Abstract

Long non-coding RNAs (lncRNAs) may play a role in oxidative stress by altering the tumor microenvironment, thereby affecting pancreatic cancer progression. There is currently limited information on oxidative stress-related lncRNAs as novel prognostic markers of pancreatic cancer. Gene expression and clinical data of patients with pancreatic cancer were downloaded from The Cancer Genome Atlas (TCGA-PAAD) and the International Cancer Genome Consortium (ICGC-PACA) database. A weighted gene co-expression network analysis (WGCNA) was constructed to identify genes that were differentially expressed between normal and tumor samples. Based on the TCGA-PAAD cohort, a prediction model was established using lasso regression and Cox regression. The TCGA-PAAD and ICGC-PACA cohorts were used for internal and external validation, respectively. Furthermore, a nomogram based on clinical characteristics was used to predict mortality of patients. Differences in mutational status and tumor-infiltrating immune cells between risk subgroups were also explored and model-based lncRNAs were analyzed for potential immune-related therapeutic drugs. A prediction model for 6-lncRNA was established using lasso regression and Cox regression. Kaplan–Meier survival curves and receiver operating characteristic (ROC) curves indicated that patients with lower risk scores had a better prognosis.
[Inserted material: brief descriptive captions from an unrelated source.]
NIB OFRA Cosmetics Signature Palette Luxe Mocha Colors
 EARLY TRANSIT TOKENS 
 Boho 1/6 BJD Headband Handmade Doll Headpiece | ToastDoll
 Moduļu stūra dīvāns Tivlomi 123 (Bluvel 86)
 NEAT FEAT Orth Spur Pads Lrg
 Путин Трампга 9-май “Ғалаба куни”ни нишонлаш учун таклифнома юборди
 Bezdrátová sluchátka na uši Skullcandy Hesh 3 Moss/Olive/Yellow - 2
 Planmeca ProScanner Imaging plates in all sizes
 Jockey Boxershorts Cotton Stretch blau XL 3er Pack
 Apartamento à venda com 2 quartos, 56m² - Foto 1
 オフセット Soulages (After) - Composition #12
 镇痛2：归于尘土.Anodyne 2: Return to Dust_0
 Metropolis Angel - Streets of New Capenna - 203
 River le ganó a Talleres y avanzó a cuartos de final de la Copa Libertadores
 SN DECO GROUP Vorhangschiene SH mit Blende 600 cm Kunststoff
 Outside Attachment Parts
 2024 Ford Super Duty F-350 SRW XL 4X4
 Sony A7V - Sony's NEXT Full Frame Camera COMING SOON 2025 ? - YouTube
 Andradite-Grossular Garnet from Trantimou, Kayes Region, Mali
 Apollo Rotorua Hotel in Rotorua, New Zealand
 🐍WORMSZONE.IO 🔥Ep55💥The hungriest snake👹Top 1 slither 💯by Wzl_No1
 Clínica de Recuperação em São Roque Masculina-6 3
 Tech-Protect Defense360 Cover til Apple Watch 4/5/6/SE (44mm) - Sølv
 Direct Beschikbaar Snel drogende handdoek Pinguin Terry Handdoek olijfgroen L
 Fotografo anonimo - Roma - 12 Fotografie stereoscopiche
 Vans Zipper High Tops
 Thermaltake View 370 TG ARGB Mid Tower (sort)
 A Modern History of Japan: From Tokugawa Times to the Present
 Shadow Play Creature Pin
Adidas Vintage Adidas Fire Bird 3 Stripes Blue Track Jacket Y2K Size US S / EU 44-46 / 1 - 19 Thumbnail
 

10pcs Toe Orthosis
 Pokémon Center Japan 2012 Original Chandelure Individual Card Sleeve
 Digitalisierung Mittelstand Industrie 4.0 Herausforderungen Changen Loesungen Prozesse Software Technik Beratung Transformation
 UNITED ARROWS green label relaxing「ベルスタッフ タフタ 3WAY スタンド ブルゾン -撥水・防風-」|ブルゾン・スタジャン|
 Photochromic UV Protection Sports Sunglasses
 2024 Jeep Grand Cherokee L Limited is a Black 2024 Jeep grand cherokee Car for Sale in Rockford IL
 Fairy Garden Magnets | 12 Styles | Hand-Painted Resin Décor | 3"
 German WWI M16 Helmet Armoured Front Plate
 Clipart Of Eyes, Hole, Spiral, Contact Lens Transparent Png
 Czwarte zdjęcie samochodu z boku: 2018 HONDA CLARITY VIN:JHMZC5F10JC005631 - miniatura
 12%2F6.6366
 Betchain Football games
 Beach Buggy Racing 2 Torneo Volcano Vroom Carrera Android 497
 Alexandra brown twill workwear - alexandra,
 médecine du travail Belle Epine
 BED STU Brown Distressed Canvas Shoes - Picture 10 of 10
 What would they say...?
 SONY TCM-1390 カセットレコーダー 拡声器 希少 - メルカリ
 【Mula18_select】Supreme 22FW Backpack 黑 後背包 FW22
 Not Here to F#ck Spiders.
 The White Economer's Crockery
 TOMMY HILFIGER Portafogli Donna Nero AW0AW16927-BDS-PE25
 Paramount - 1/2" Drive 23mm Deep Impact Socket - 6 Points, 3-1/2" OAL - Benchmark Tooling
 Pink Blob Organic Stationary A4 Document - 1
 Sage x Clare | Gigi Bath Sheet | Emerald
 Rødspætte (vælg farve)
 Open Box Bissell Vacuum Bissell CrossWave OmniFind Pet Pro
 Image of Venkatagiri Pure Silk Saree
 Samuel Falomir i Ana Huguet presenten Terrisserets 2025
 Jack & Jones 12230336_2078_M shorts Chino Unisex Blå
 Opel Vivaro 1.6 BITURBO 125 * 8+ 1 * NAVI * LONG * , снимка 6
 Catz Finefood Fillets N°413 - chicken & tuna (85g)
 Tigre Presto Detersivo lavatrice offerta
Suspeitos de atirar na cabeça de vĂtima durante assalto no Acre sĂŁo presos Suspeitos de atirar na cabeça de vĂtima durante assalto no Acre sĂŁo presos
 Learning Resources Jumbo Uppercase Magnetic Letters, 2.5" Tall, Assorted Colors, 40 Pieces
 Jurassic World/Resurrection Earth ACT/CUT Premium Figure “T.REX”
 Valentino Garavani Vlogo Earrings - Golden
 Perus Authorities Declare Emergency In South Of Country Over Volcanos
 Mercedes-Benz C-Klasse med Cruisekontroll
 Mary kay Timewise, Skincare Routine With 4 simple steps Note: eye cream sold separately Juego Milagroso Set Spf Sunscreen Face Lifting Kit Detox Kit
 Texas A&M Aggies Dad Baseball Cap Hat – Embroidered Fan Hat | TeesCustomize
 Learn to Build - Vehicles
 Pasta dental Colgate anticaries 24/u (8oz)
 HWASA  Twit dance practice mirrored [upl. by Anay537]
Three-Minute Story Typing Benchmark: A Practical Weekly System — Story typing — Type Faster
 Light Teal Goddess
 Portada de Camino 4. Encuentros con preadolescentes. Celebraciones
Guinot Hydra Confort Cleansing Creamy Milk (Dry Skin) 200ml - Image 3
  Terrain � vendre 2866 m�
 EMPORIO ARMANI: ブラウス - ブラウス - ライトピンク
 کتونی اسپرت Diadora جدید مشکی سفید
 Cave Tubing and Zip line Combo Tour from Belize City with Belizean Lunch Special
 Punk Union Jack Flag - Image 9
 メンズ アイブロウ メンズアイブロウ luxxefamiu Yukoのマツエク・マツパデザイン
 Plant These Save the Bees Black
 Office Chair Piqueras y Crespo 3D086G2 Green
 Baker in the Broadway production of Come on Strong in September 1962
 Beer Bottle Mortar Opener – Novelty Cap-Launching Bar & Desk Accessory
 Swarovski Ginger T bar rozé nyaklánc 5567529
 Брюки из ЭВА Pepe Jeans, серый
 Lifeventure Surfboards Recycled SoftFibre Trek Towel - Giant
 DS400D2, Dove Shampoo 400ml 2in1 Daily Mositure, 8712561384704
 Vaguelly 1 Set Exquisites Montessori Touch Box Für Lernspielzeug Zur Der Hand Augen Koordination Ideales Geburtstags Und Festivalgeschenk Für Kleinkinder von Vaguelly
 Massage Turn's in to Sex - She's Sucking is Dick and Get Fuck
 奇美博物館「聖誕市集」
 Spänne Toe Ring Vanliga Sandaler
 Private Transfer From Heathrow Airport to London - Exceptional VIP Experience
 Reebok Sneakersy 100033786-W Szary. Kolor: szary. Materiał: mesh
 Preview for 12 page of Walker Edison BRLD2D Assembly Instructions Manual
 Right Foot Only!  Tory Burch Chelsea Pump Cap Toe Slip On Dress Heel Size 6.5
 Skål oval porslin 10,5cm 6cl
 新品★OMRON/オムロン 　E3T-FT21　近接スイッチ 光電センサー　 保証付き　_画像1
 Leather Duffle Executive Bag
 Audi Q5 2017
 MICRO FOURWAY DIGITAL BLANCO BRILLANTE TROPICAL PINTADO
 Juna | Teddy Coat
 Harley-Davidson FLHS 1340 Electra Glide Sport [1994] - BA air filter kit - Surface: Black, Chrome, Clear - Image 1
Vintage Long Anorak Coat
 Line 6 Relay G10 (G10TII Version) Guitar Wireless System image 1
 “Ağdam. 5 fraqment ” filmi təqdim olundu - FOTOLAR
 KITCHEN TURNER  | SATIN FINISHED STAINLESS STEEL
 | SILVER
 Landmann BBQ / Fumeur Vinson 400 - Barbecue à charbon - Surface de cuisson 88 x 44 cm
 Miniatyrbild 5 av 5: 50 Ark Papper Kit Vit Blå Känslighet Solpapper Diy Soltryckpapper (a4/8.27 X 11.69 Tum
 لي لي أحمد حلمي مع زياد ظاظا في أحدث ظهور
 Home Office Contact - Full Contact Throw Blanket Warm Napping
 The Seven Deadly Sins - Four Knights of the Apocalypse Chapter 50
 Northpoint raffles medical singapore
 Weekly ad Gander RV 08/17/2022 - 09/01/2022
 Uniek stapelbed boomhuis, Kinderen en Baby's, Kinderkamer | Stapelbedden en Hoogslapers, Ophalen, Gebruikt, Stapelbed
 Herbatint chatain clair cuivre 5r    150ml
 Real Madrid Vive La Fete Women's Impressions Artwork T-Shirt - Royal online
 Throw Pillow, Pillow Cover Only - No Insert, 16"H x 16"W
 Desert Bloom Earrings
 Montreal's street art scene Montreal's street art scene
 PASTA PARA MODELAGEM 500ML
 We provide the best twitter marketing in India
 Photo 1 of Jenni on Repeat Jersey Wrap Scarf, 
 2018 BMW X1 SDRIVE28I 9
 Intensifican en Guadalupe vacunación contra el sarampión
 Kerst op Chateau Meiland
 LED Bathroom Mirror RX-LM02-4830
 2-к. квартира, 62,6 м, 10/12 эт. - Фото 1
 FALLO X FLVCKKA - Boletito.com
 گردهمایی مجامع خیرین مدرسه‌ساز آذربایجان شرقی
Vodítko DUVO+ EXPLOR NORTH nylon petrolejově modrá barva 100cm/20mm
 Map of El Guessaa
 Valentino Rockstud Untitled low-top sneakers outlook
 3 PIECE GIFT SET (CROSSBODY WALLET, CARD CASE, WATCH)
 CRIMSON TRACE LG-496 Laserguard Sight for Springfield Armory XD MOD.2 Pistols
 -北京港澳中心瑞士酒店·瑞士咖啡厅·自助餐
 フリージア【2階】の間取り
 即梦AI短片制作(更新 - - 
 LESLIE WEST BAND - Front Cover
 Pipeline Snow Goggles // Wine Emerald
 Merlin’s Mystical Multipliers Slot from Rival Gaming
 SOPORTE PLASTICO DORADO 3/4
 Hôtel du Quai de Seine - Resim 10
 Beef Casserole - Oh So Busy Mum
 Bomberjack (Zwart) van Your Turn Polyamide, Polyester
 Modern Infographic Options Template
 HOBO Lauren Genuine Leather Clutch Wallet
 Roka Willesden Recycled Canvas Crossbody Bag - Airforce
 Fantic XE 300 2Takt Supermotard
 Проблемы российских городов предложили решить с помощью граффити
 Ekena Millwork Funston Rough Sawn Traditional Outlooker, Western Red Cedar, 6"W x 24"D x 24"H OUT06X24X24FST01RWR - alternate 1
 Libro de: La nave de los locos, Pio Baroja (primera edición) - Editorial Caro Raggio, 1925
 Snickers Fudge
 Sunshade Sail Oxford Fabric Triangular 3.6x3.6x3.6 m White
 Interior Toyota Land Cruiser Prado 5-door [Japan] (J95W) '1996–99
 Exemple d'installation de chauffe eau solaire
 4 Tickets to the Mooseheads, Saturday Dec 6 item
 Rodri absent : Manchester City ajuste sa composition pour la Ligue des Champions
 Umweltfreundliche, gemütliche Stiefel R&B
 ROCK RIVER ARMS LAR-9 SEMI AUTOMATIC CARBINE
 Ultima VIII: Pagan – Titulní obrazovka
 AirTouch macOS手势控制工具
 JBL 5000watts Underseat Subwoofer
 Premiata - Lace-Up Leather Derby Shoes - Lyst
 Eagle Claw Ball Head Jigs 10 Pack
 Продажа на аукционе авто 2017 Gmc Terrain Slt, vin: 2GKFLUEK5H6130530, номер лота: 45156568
Combined with Cox regression analysis of clinical features, risk score was an independent factor predicting overall survival of patients with pancreatic cancer in both the TCGA-PAAD and ICGC-PACA cohorts. Mutation status and immune-related analysis indicated that the high-risk group had a significantly higher gene mutation rate and a higher possibility of immune escape, respectively. Furthermore, the model genes showed a strong correlation with immune-related therapeutic drugs. A pancreatic cancer prediction model based on oxidative stress-related lncRNA was established, which may be used as a biomarker related to the prognosis of pancreatic cancer to evaluate the prognosis of pancreatic cancer patients.